Harmful algal blooms (HABs) have become more prevalent within Lake Erie since the mid-
1990s. Microcystin is one of the most common and harmful toxins associated with HABs, yet
little is known about its attenuation and fate in the environment. Microcystin is a cyclic
heptapeptide with 2 variable L-amino acids, which differentiate between the over 60 variants of
microcystin known. Variants have differing toxicity profiles, the most toxic being microcystin-
LR, which contains leucine (L) and arginine ® amino acids. The goal of this thesis research
was to determine whether wave-driven benthic exchange accelerates the attenuation of
microcystin in shallow coastal waters using laboratory wave tank experiments. Sediment was
collected from Western Lake Erie and incorporated into a 110-gallon tank. A solution consisting
of both a conservative chloride tracer and microcystin-LR stock dissolved in water was added to
surface water at the start of both a Wave Trial and a Non-Wave Trial, and concentrations were
monitored over time in surface water and shallow pore water.
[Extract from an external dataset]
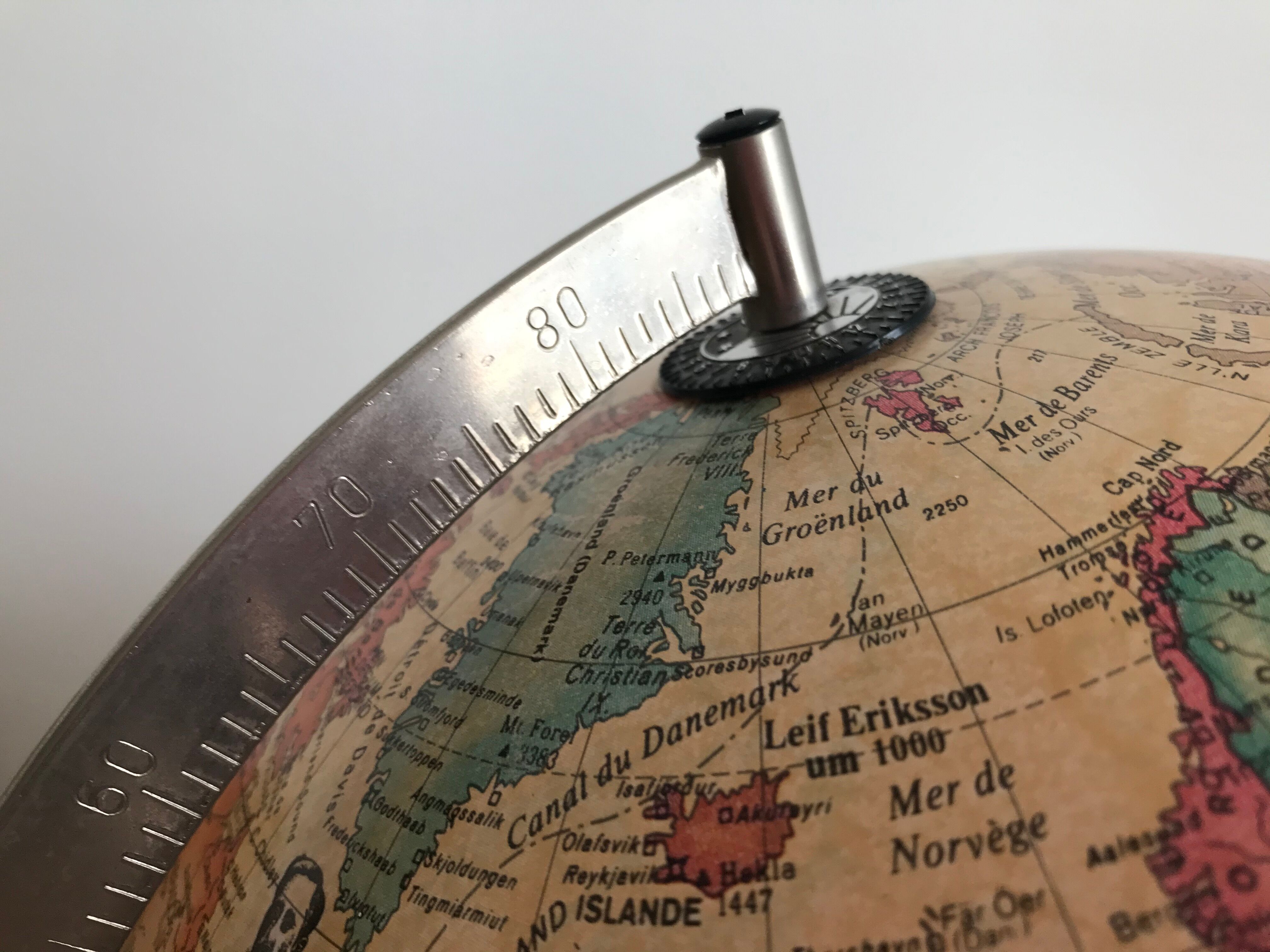 Scanglobe globe "world antique" made in denmark 1981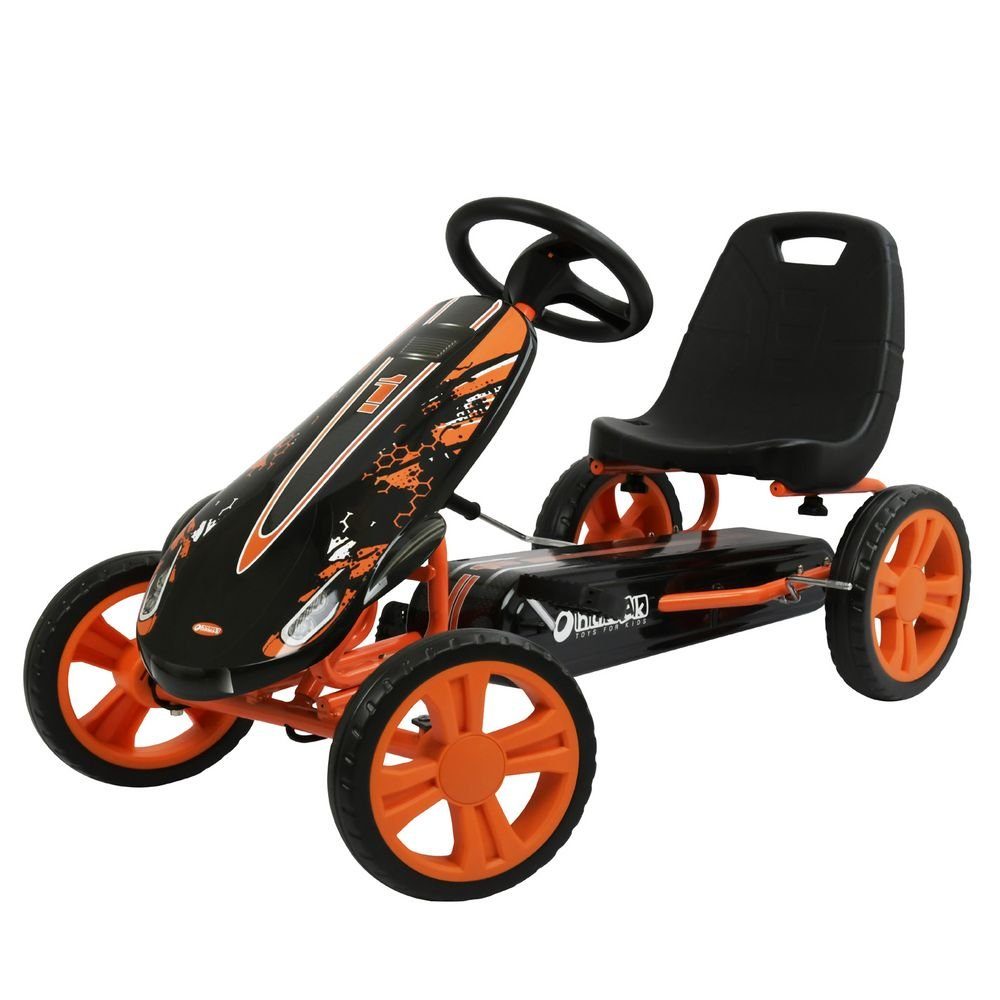 Hauck pedal vehicle Speedster - orange, pedal go-kart & pedal car with adjustable bucket seat (4-8 years)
Results show that wave conditions
had a significant impact on exchange rates of conservative chloride, mixing the system over 30
times faster than stagnant conditions. Microcystin concentration in surface water and pore water
decreased faster than chloride, likely due to sorption to sediments, degradation, or both. It is
crucial to better understand microcystin attenuation and mechanisms responsible in order to
accurately predict the severity, duration, and extent of algal toxin plumes, which negatively
affect the health of coastal ecosystems and economies.